He took to Theosophy naturally. His mother had been a keen student of Spiritualism. She had seen many phenomena. She came into Theosophy when she realized the dead end into which her studies led. When first contacting LIGHT ON THE PATH, he found his pathway in life marked out for him. Ever thereafter, he trod it until the end came for this incarnation.
Later on, he married the daughter of another well-known Theosophist but cloud and darkness were soon to surround his pavilion. Sorrow was to fill the lives of both. His elder son, whom he was never to see after the son's seventh birthday, faced the same future regarding Theosophy and health. That son died three years ago, a Fellow of the Theosophical Society at the early age of twenty-four.

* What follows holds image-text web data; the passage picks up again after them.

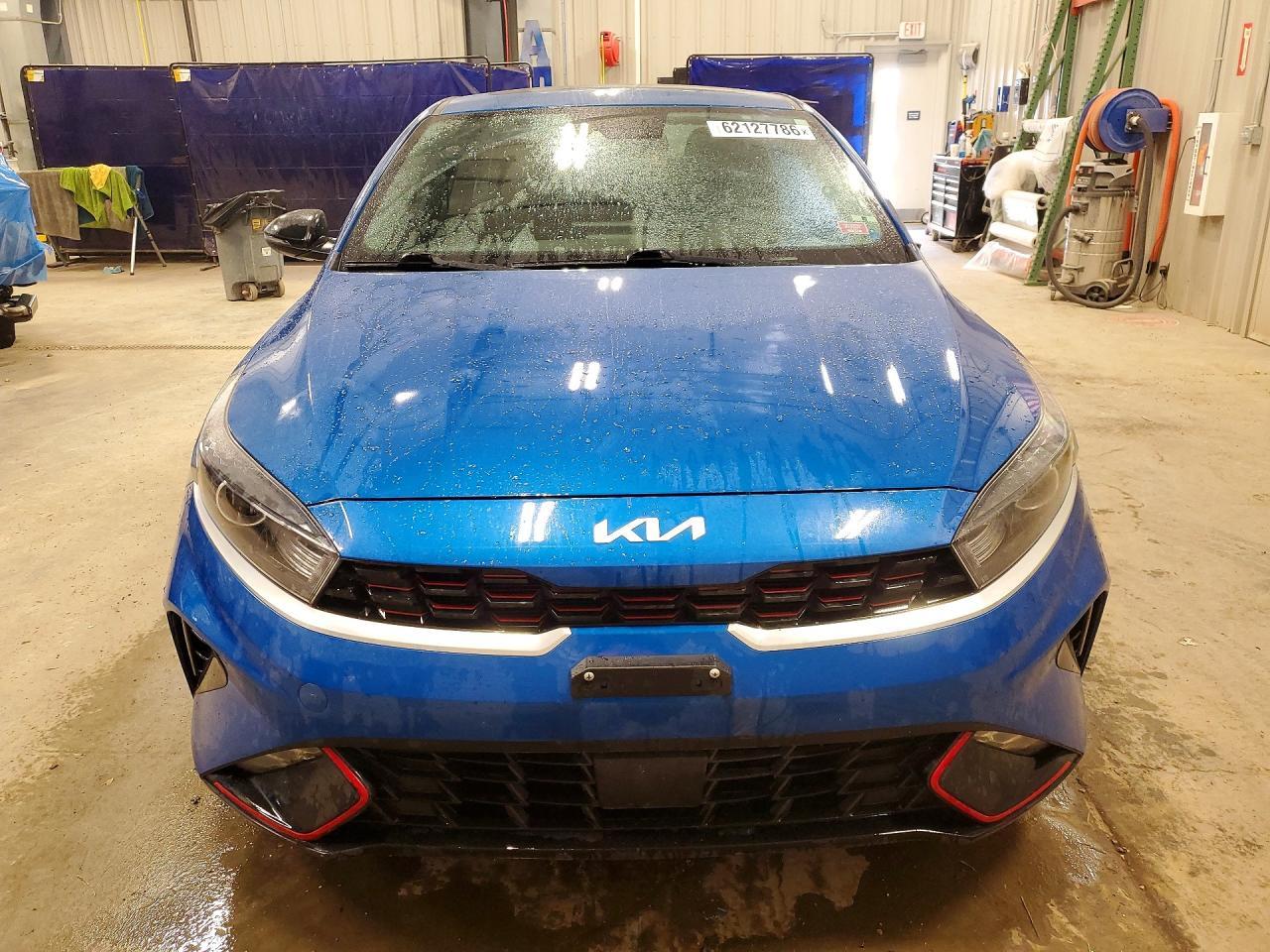 2023 Kia Forte Gt Line - Image 5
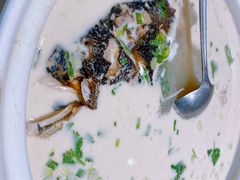 大砂锅炖鱼头-丹江渔村(望京店)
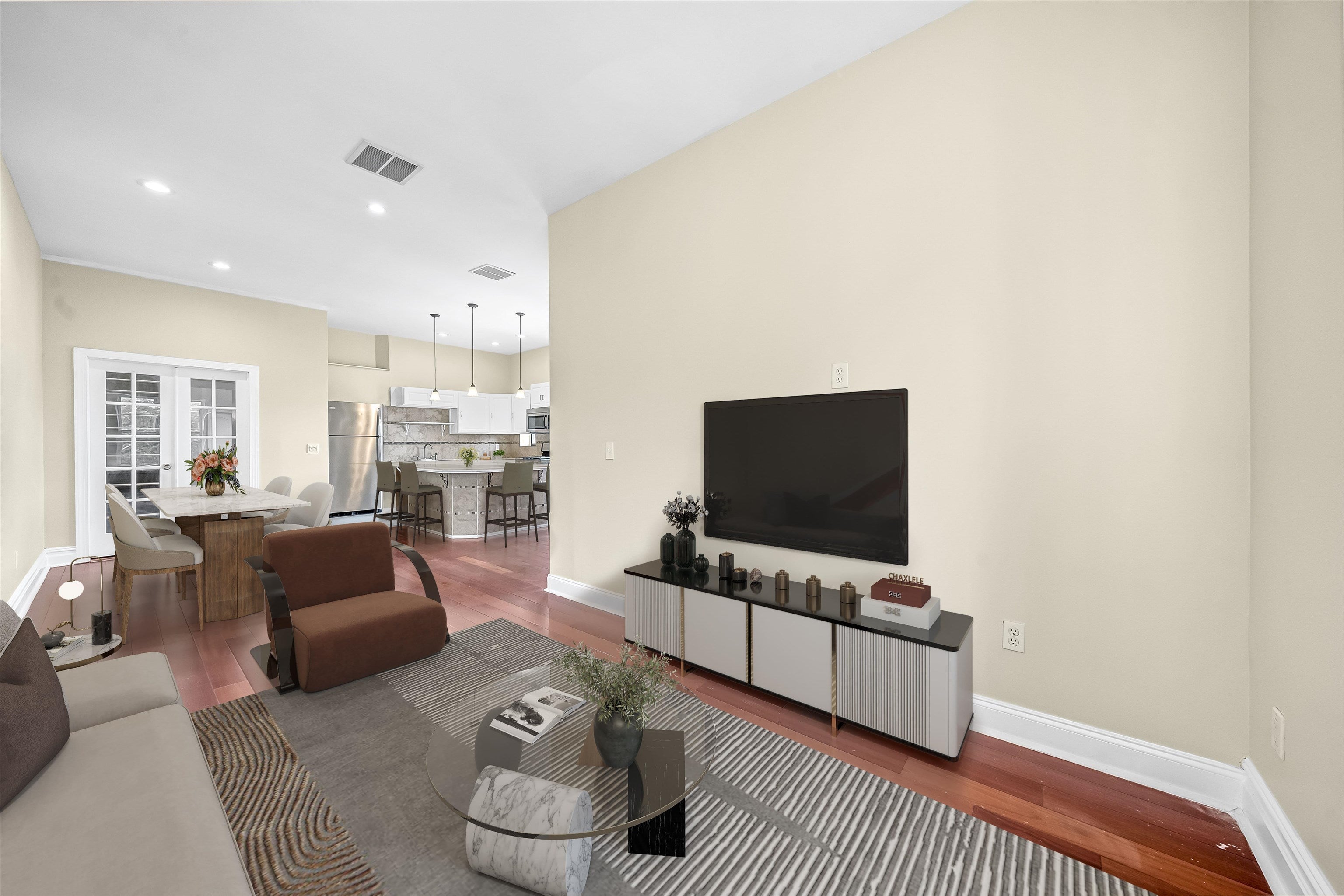 240 Clendenny Ave 5a — photo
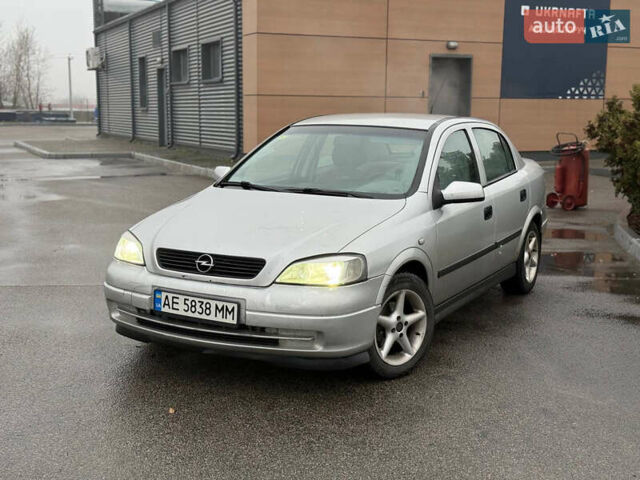Серый Опель Астра, объемом двигателя 1.4 л и пробегом 300 тыс. км за 2600 $, фото 1 на Automoto.ua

In his youth, he was very proud of his physical fitness, keeping himself in splendid physical condition by strenuous and constant exercise. His favorite sport was rowing and he soon found a place in the racing eight of a famous Club. Straining at his oar in the trials before an event of unusual and nationwide interest, he punctured a lung and tuberculosis supervened.
In a far distant part of the continent where climatic and other conditions offered a reasonable chance of recovery, he took up life anew, setting up a new home. Two sons were born, adding to his liabilities. In an effort to ensure their future well being, because he already felt the hand of death upon him, he entered into financial dealings that ended in complete disaster.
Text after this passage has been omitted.